In his book about his sister’s life, The Little Way of Ruthie Leming, Rod Dreher notes the fundamental difference between Ruthie’s life and his: she stayed. ((Rod Dreher, The Little Way of Ruthie Leming: A Southern Girl, a Small Town, and the Secret of a Good Life (New York: Hachette Book Group), 2013.)) She stayed close to her roots in Starhill, and invested in the lives of people around her even while she was dying. Through their commitment to place, Ruthie and the people of Starhill created a community that carried on in her absence. Some people who never experience a community like this long for Starhill, with its picket fences, front-porch swings, and mild summer evenings. But the longing for a community like Starhill points to something deeper than material comfort: it expresses the innate desire to be known and cared for, as Ruthie Leming was. People long for place as it was meant to be, place as it will be one day. Places surround and shape a person’s identity as they move through life, often from one city or region to another. People “live, move, and have their being” in places. We create new places—cathedrals, villages, and homes—for refuge and rest, seeking some form of consistency and peace in an unsettled world.

What is Place?

Places, beautiful and mundane, may be found in cities, villages, seaside ports, and people as well as in structures. Place is the emerald-green British Isles with their rich history and dying churches, their prosperous families and urban poor communities. Place is the familiar, wrinkled faces of loved ones who have seen more hardship and joy than most people around them. Place is the coffee shop that invites you to stay. Sometimes places are warm and welcoming, sometimes dark and distressing. Place is both the garden of Gethsemane and the empty tomb. It is a complex phenomenon, filled with many unanswered questions. But it is also as ancient as the earth: God created the world as a place for his people, and called it good. He implaced humanity, creating a home for Adam and Eve in Eden. At their most basic, “places are the ground of shared human experience as well as the product of shared human experience.” ((Jennifer Allen Craft, “Making a Place on Earth: Participation in Creation and Redemption Through Placemaking and the Arts” (Ph.D.thesis, University of St. Andrews, 2013), 23.)) Place, according to Jennifer Allen Craft, is “not just a piece of ground—it is the undeniable fact of our existence in relationship with the whole of creation.” ((Craft, “Making a Place on Earth,” 10.))

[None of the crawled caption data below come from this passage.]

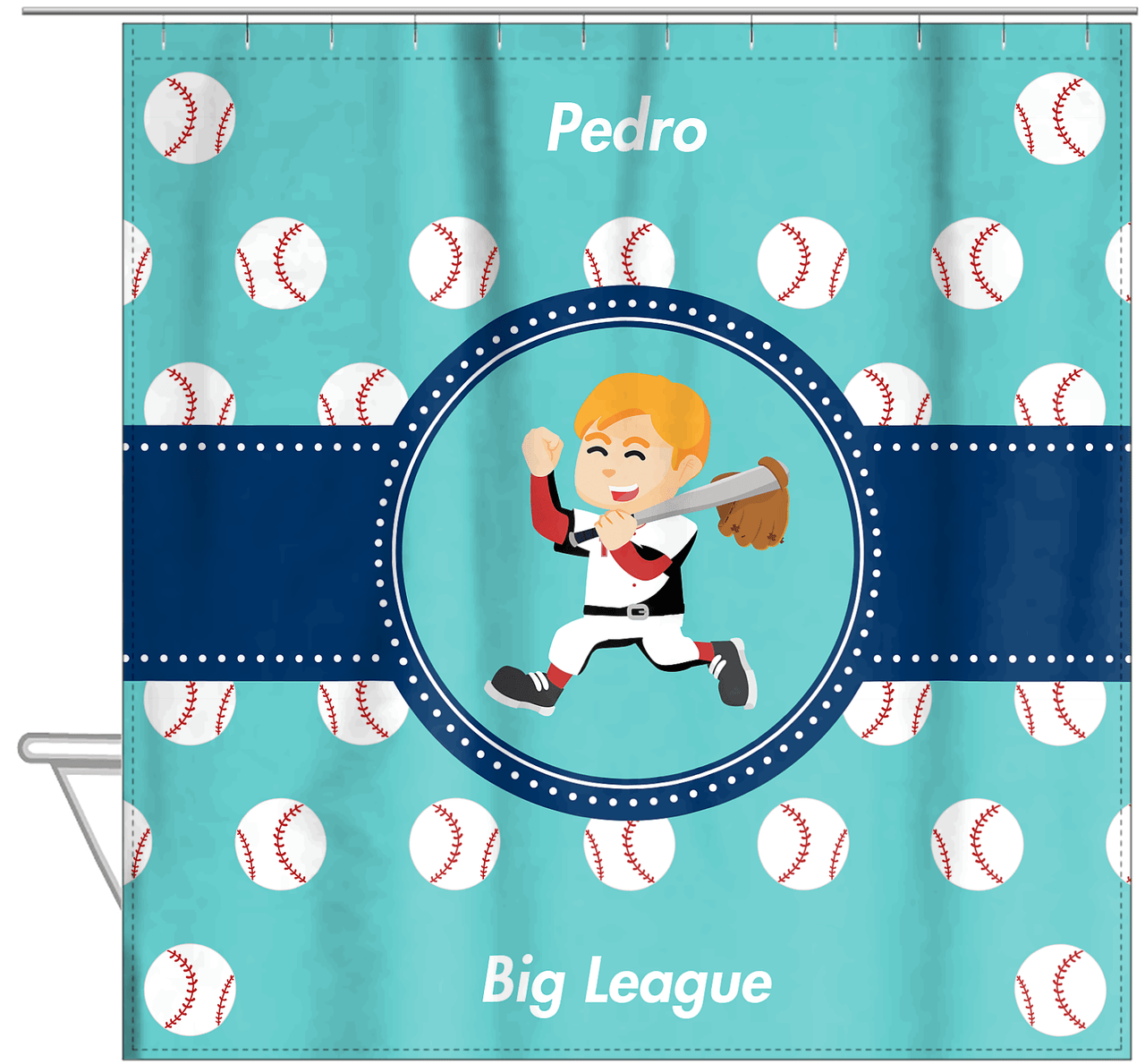 Personalized Baseball Shower Curtain XXVIII - Teal Background - Blond Boy - Hanging View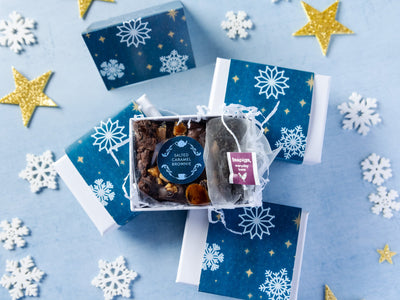 Snowflakes' Gluten Free Mini Salted Caramel Brownie & Tea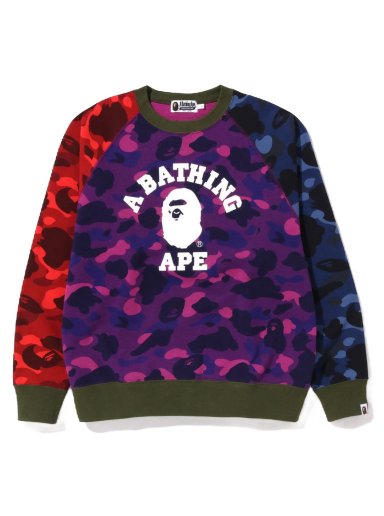 Sweater BAPE Crazy Camo Relaxed Fit College Crewneck Lilla | 1I80-113-009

In Scripture, from Genesis to Revelation, God sent his people to various places for diverse reasons. God spoke the world into being, into places. He made Adam, breathing life into him and giving him dominion over the Garden of Eden. From Adam he created Eve and placed her in the Garden to help and complete Adam. Throughout the Old Testament, God continued to use places to draw his people to himself: Israel wandered in the desert for 40 years before God gave them a place of rest in Canaan, a land flowing with milk and honey. God used places for both restoration and destruction, often creating parables from places. He used places to demonstrate his holiness, power, and covenant-keeping love toward his people through his promises to bring peace and justice. The New Testament is also filled with the idea of significant place and placemaking. Mary and Joseph left their home to be registered in the census at Bethlehem. God placed himself into the story physically, sending Jesus, who was born in a stable. His implacement into the world he created is striking and beautiful, as he became “the God made low to raise us up” ((Bob Kauflin, “God Made Low,” Prepare Him Room. Recorded with Sovereign Grace Praise (BMI). Sovereign Grace Music, 2014, 1 CD.)) from sin, death, and ultimately hell. The Word became flesh and dwelt among his people. Jesus’ life was full of places and people who were shaped by his influence: his twelve disciples, the Roman guards and centurions, the Garden of Gethsemane and the cross. The empty tomb and the upper room are indispensable elements in Jesus’ story. Places are integral to the human story, from beginning to end. In Where All Mortals Dwell: A Christian View of Place for Today, Craig Bartholomew explains that

Place is never fully place without God as co-inhabitant. Place is thus always, in one way or another, a theological concept…After Eden the challenge of implacement and the danger of displacement are a constant part of the human condition. Humans remain placed, but displacement is a constant threat. ((Craig Bartholomew, Where All Mortals Dwell: A Christian View of Place for Today (Grand Rapids: Baker Academic), 31.))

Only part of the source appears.